→ **WHAT TO DO**
Quote all lines below exactly. Images stay out.

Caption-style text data
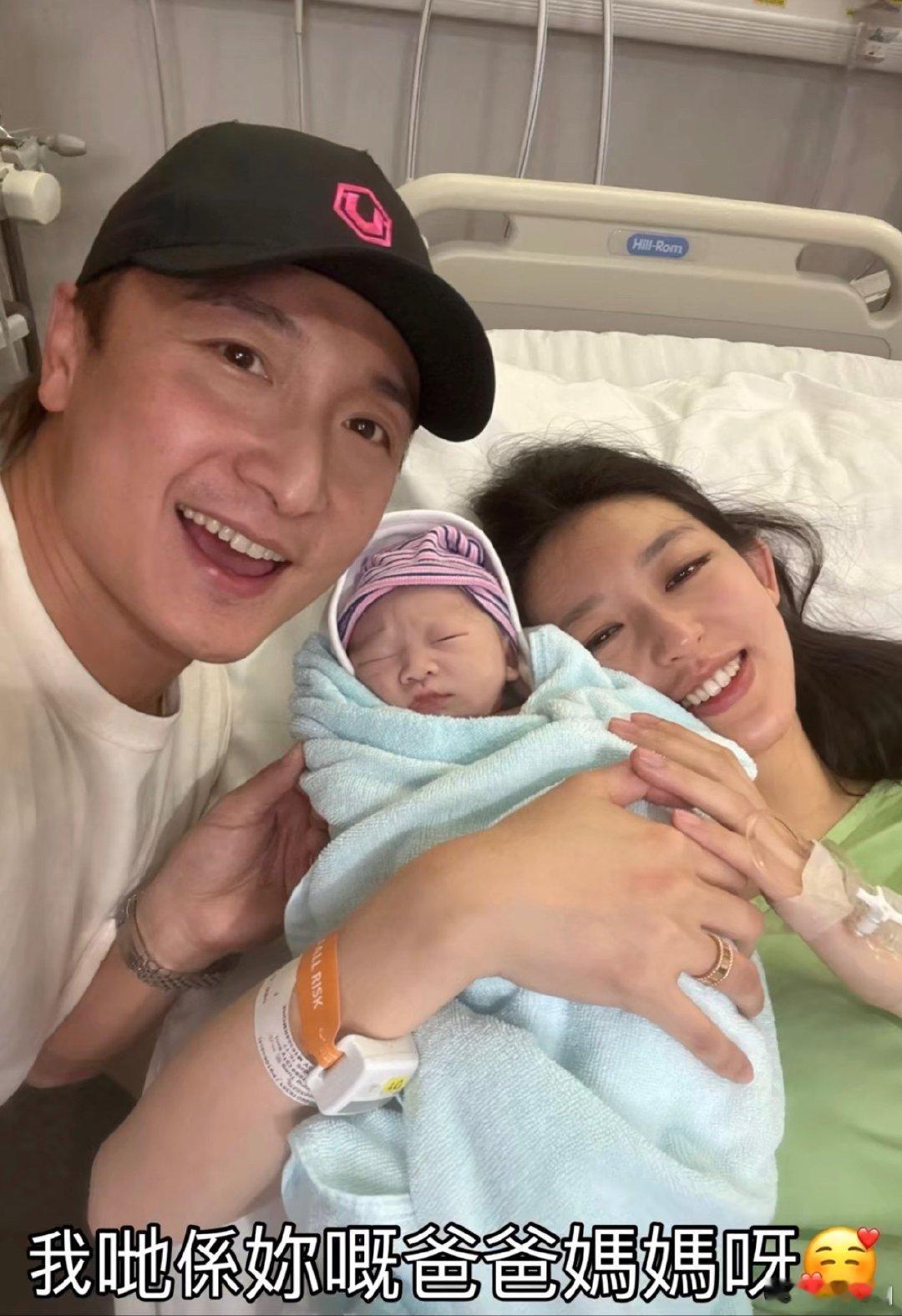 方力申一家三口合照方力申一家三口全家福 方力申得女，他在分享里说宝宝模样总变，一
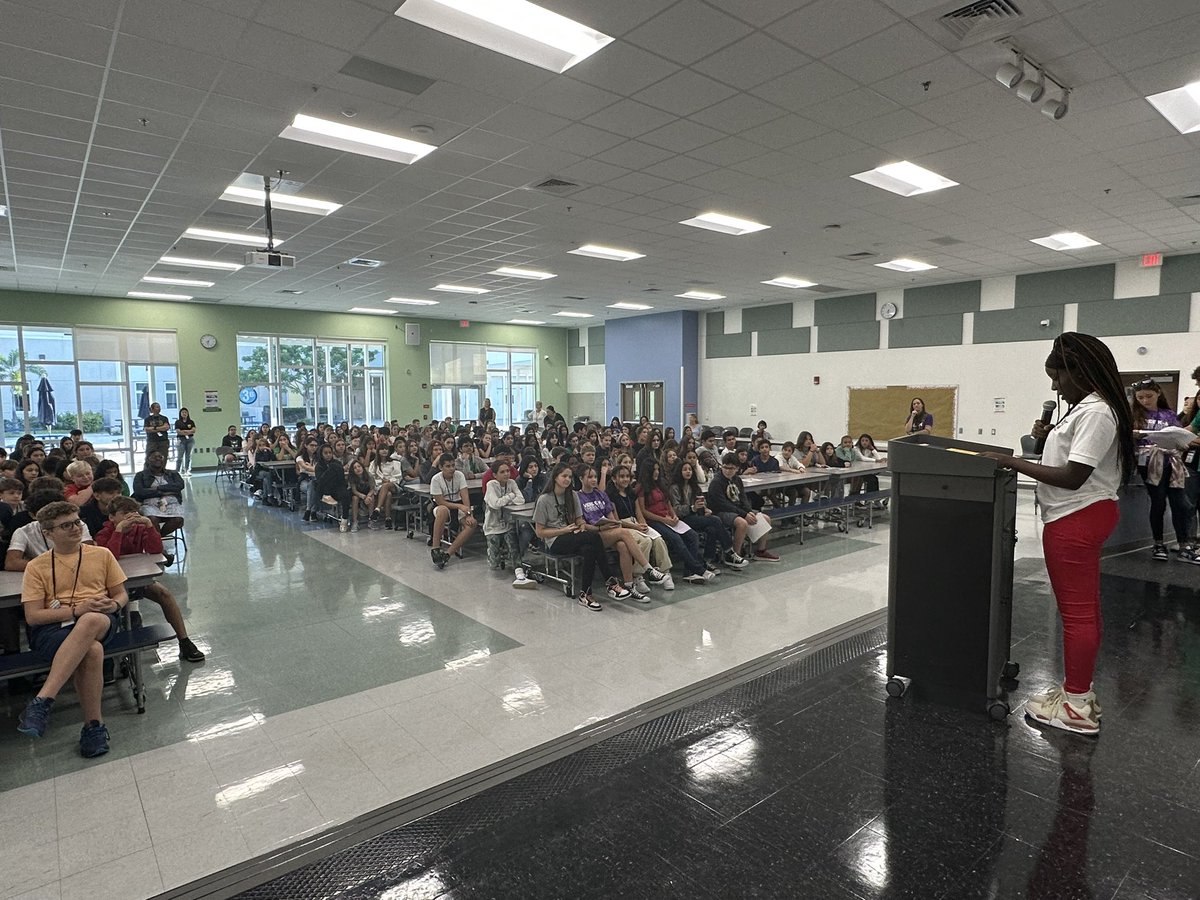 Lindsay Greene tweet media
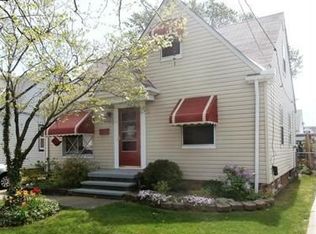 29958 Halifax Ave, Wickliffe, OH 44092
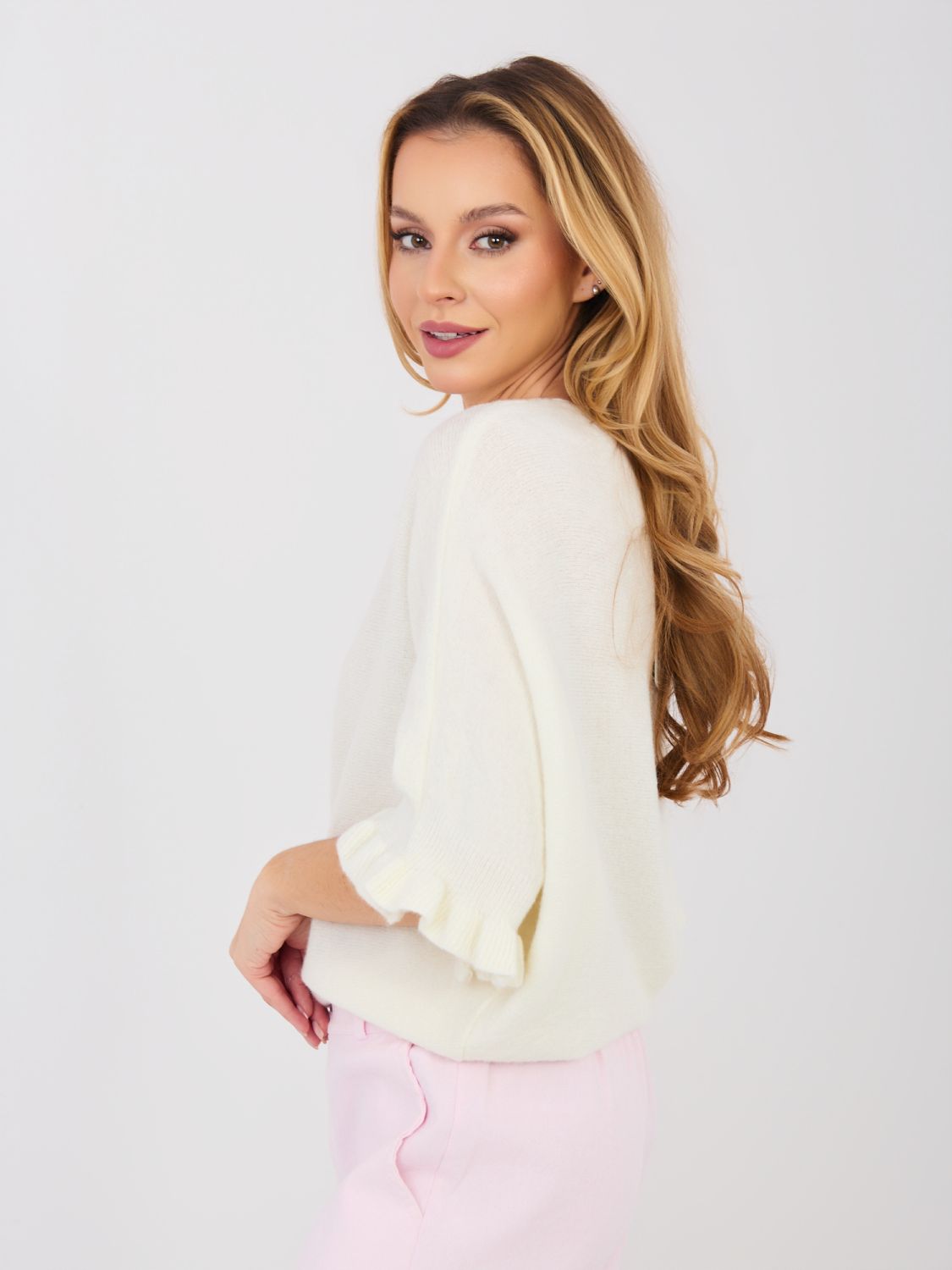 Ecru Pullover mit 3/4-Ärmeln und Volant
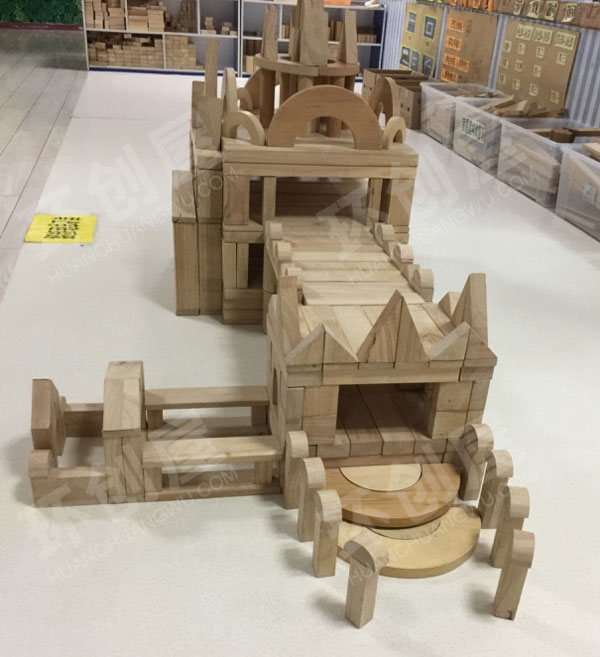幼儿园建构区大木块积木搭建古建筑环创图片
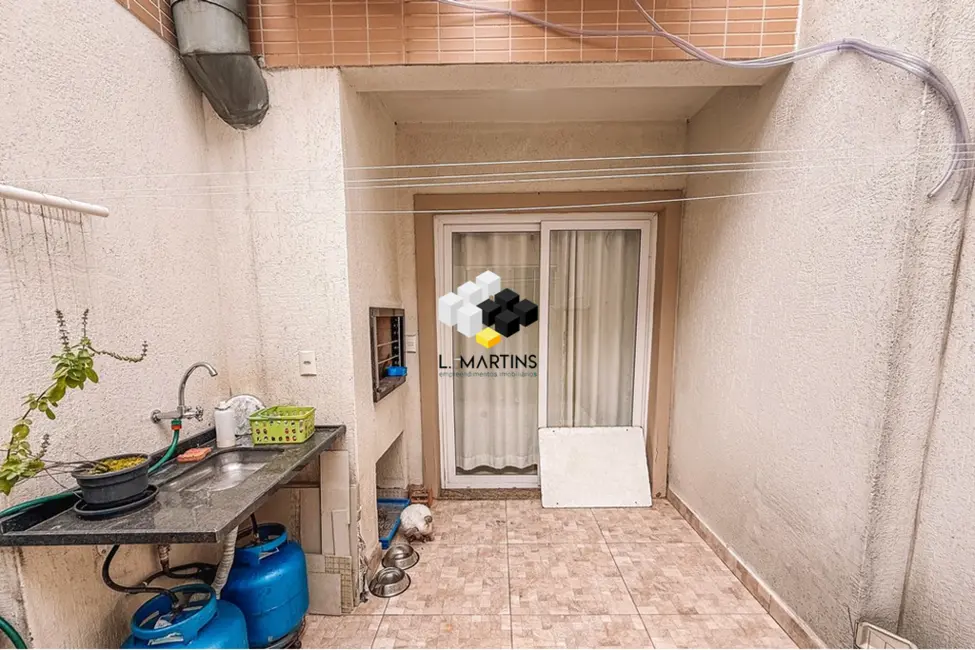 Casa com 3 quartos à venda, 112m2 em Igara, Canoas - RS - imagem 9 Foto 9 de Casa com 3 quartos à venda, 112m2 em Igara, Canoas - RS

→ **TASK RESULT**
 方力申一家三口合照方力申一家三口全家福 方力申得女，他在分享里说宝宝模样总变，一
 Lindsay Greene tweet media
 29958 Halifax Ave, Wickliffe, OH 44092
 Ecru Pullover mit 3/4-Ärmeln und Volant
幼儿园建构区大木块积木搭建古建筑环创图片
 Casa com 3 quartos à venda, 112m2 em Igara, Canoas - RS - imagem 9 Foto 9 de Casa com 3 quartos à venda, 112m2 em Igara, Canoas - RS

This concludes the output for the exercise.